The visions of what the college football landscape might look like when the tremors of the looming earthquake subside are getting more curious by the day.

With the Atlantic Coast Conference poised to conclude its cataclysmic move to annex Big East linchpins Miami, Syracuse and Boston College, officials at the University of Massachusetts have apparently become so mesmerized by the drama that they're considering making a hop, a skip and a leap of faith into the I-A football ranks.

UMass — which happens to be mired in a financial sinkhole in addition to being embroiled in a political brawl of Herculean proportions — is optimistic enough to think big when it comes to its currently I-AA football program.

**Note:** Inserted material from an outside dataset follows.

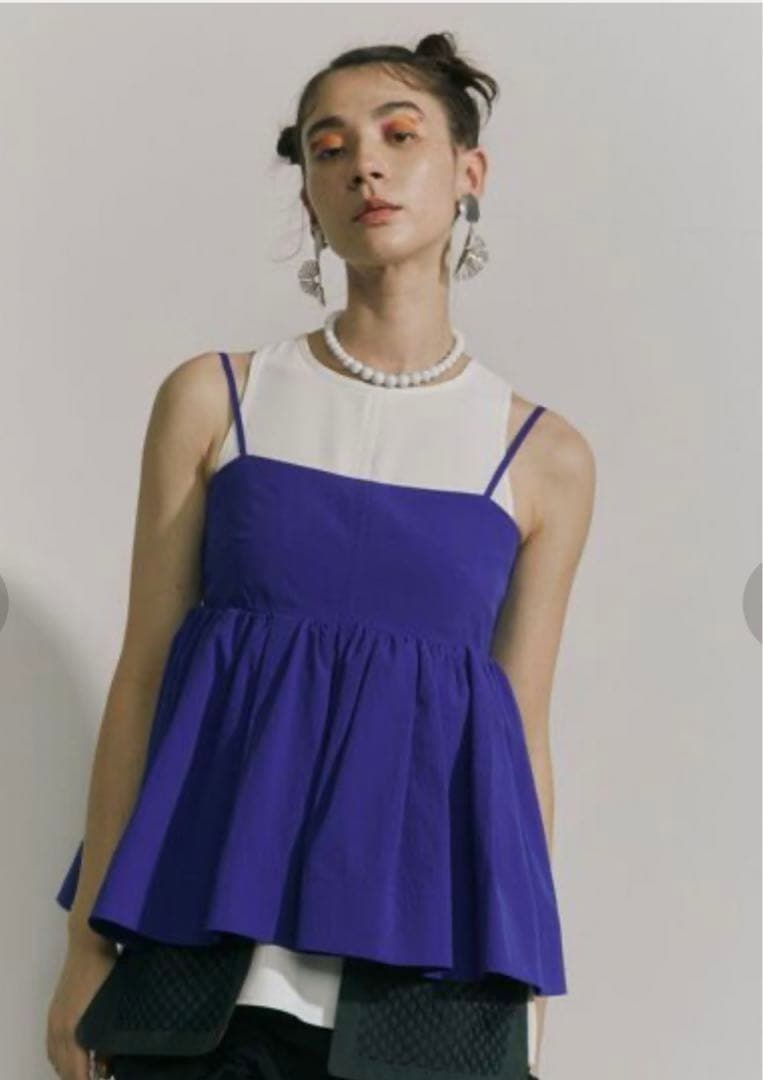 ★a★《新品未使用》UN3D シャツギャザーキャミソール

According to a Thursday report in the Boston Globe, school officials envision joining the gold-rush of Conference USA and other non-BCS schools expected to make a bid to align themselves with Big East holdovers Virginia Tech, West Virginia, Pittsburgh, Rutgers and Connecticut.

Apparently, it's a make-or-break proposition for Minutemen football.

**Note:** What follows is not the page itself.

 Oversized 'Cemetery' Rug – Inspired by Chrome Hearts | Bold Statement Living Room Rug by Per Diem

''The feeling is that if this is going to happen [going to 1-A] this is the last chance to do it,'' a source in the UMass administration told the Boston Globe. ''And if it doesn't fly, the idea will then be to stay at 1-AA, but with no scholarships, or to drop football completely.''

The Daily Hampshire Gazette reported that the school faces state-ordered budget cuts of up to $40 million and noted that UMass athletics will take the hardest hit of all, with $2.5 million cut from its $5.7 million state appropriation.

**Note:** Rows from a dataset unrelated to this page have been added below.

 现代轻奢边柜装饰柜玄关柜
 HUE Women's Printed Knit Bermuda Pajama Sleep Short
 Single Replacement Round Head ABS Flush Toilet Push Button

Meanwhile, according to the Associated Press, the state's governor, Mitt Romney, has hinted he will continue his efforts to remove UMass system president William Bulger from office, despite stiff opposition in the legislature. Whitey Bulger, the president's brother, is an underworld crime figure and one-time FBI informant who has earned a spot on the bureau's "Ten Most Wanted" list.

Whitey Bulger is sought in connection with 21 murders and, the Associated Press reported, the U.S. House Committee on Government Reform is gearing up to question the UMass president about his knowledge of his brother's whereabouts and what communication he may have had with the fugitive since he fled in 1995.

If the story in the Boston Globe is correct, however, the financial morass and the intrigue about organized crime are not necessarily recognized as insurmountable impediments by the boss of the UMass athletic department.

''There has been considerable conversation about UMass and Division 1-A football over the last decade,'' UMass athletics director Ian McCaw told the newspaper. ''The likelihood of conference realignment in the coming months, coupled with a one-time unique opportunity that would be afforded programs in transition into a Division 1-A conference, creates a narrow window of opportunity for this issue to be considered.''

According to the paper, estimates of elevating Minutemen football to the I-A level range as high as $100 million. Part of that expenditure would go toward expanding 17,000-seat McGuirk Stadium.

How about that. Just when you thought the Big East's Jilted 5 would be left with few practical football survival options other than plundering a few gems from Conference USA to maintain an NCAA-recognized league, here come the Minutemen to offer their services for what the school envisions would be another 12-team super-conference.

On the other hand, noted the Boston paper, C-USA is being viewed by UMass officials as a potential alternative destination if the Big East plan doesn't pan out.

The Minutemen currently compete in the Atlantic 10 Conference in all sports.